YAAAY!!! Timo's gonna give us SIS!!!
Is it done yet :) ?
Well, there was a "code status" at the bottom of the mail :)
- You've already identified that enabling this feature needs to avoid introducing problems - including treating different-but-similar attachments as identical. In your hashing choices, you only mentioned attachment body. What about including size and date in the hash?
Attachments don't have dates. Size could be included as part of the filename I guess.. Maybe it would even be a good idea..
- You didn't explicitly define if SIS would be per-mailbox or system-wide. Speaking for myself, and probably a few others, I'll take whatever implementation I can get - but I'd love to see it system-wide.
System-wide. Of course permissions need to be properly set so all users can access them.

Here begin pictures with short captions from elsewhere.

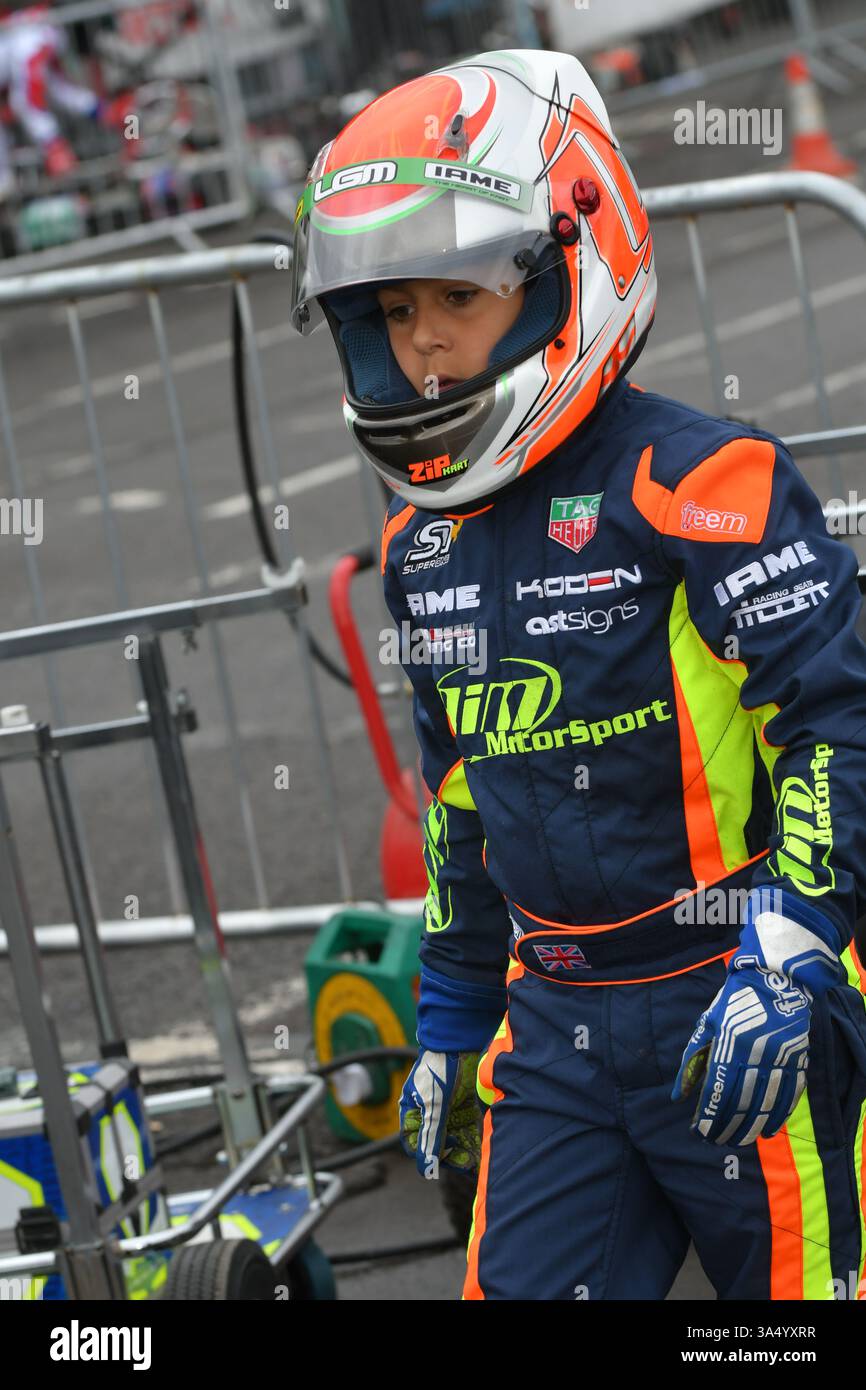 Arvid Lindblad est un pilote de course soutenu par Red Bull britannique et suédois qui participe au championnat de formule 2 pour l'équipe Campos Racing, vu ici lors de sa carrière de karting sur le circuit Forest Edge en 2016. Banque D'Images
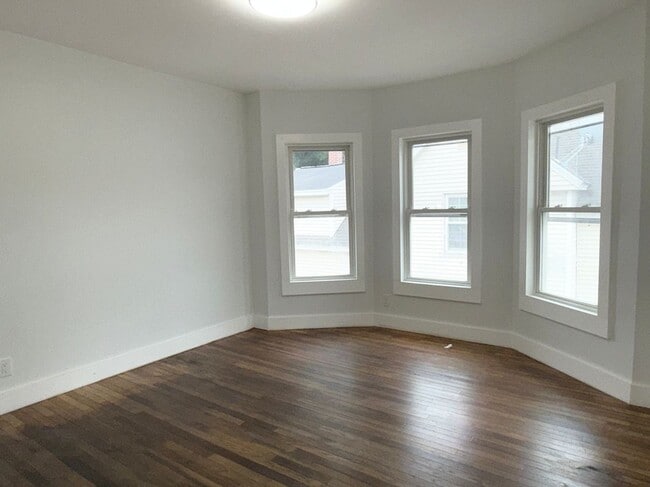 Photo - 6 Holmes St Unit 2
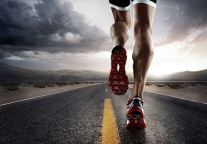 “爱·一起跑”金陵连锁酒店彩虹跑正式开跑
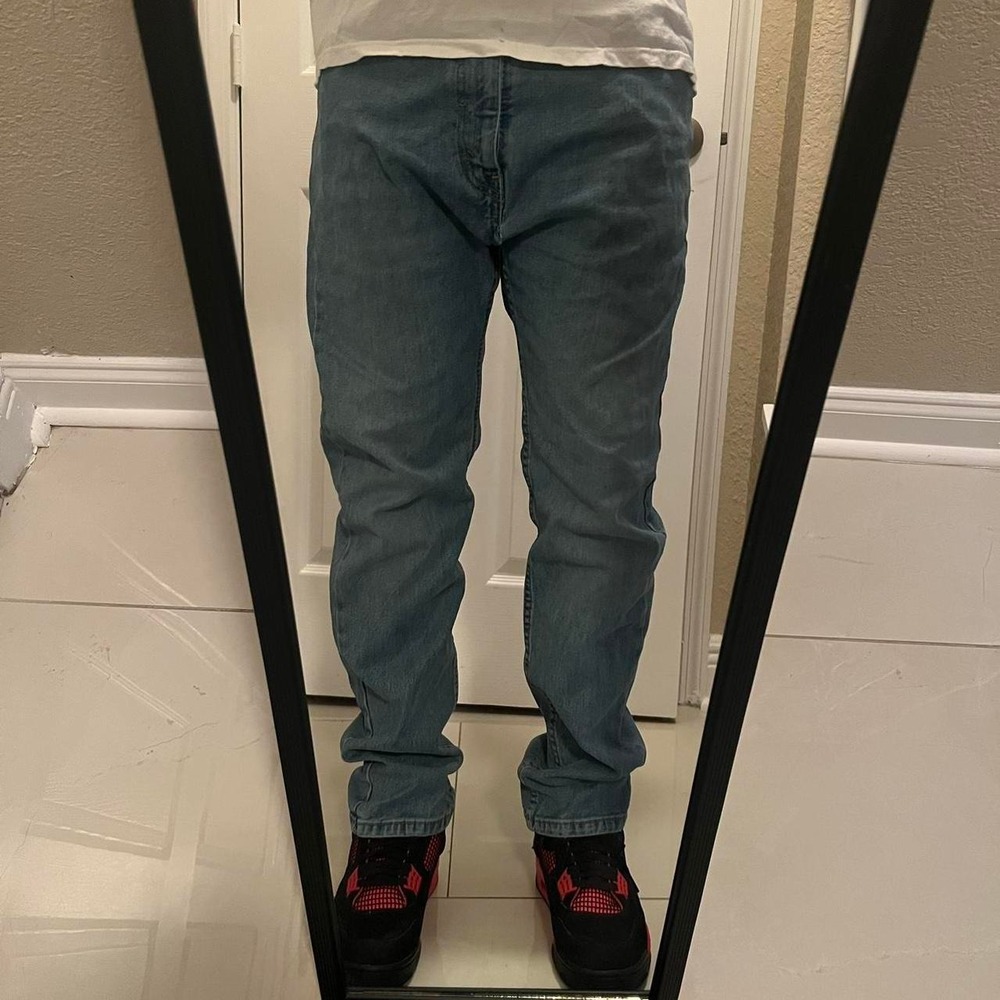 Vintage Essential Medium Wash Denim Levi's Jeans!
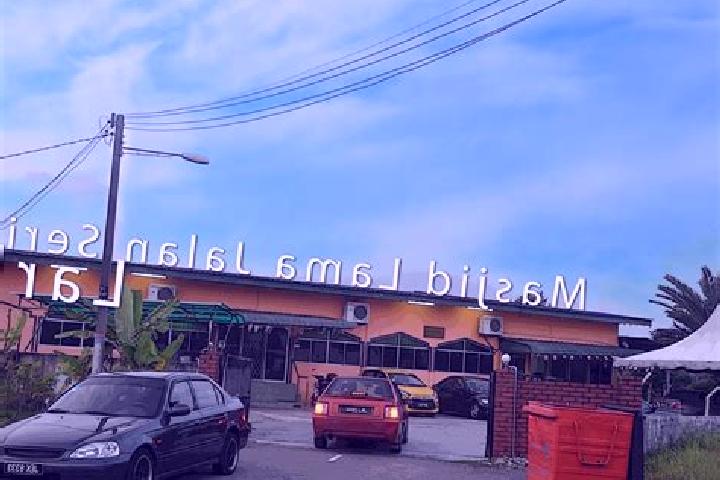 escort Kampung Larkin Lama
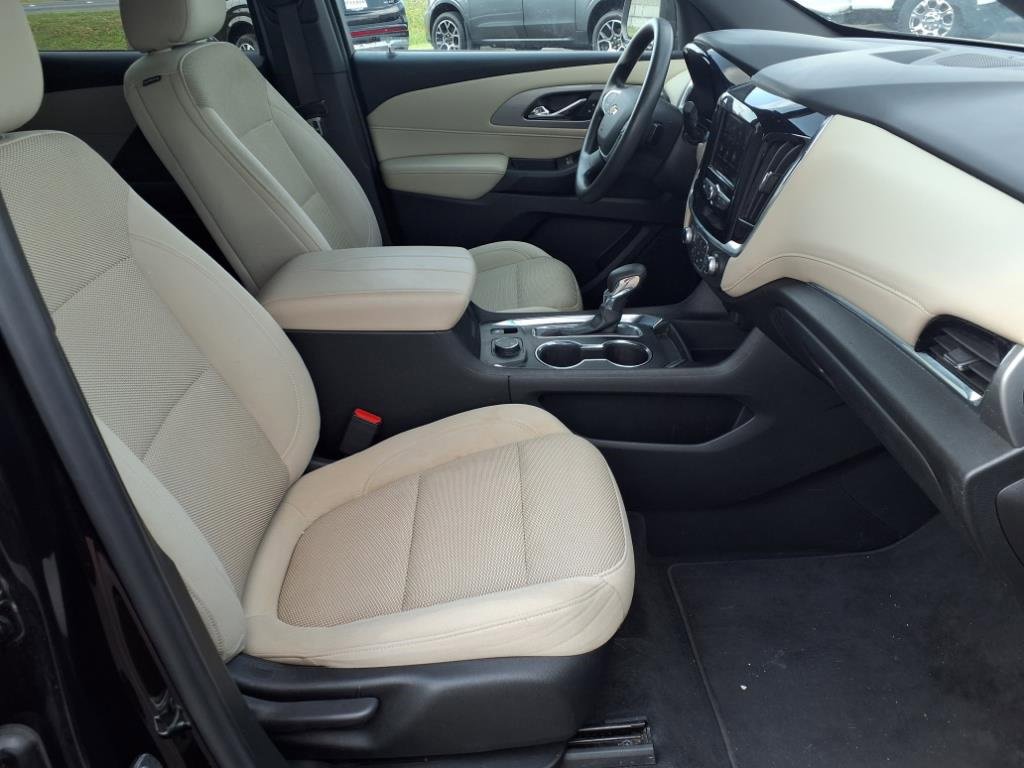 Used 2022 Chevrolet Traverse LS image 29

- Are you envisioning this as being handled totally within deliver, or would there be a server process for consolidating the messages? I'm wondering about the impact to high-traffic sites (which mine is thankfully NOT) - if deliver needs to crunch on large messages, could this lead to time-out issues from the MTA's?
A possible alternative, have deliver write the message out as normal - but flag it for attachment processing. Then have a secondary process awakened to check for attachments and perform accordingly. So any SIS overhead becomes invisible to the MTA - other than needing available system resources for processing (and the attachment processing could be done at a lower priority).
Yeah, something like that would be possible. Or the attachment could still be stored to the attachment storage using the <hash>-<guid>[-<size>?] name and the daemon could then do the deduplication by finding any new files and seeing if they could be replaced with links to other existing files.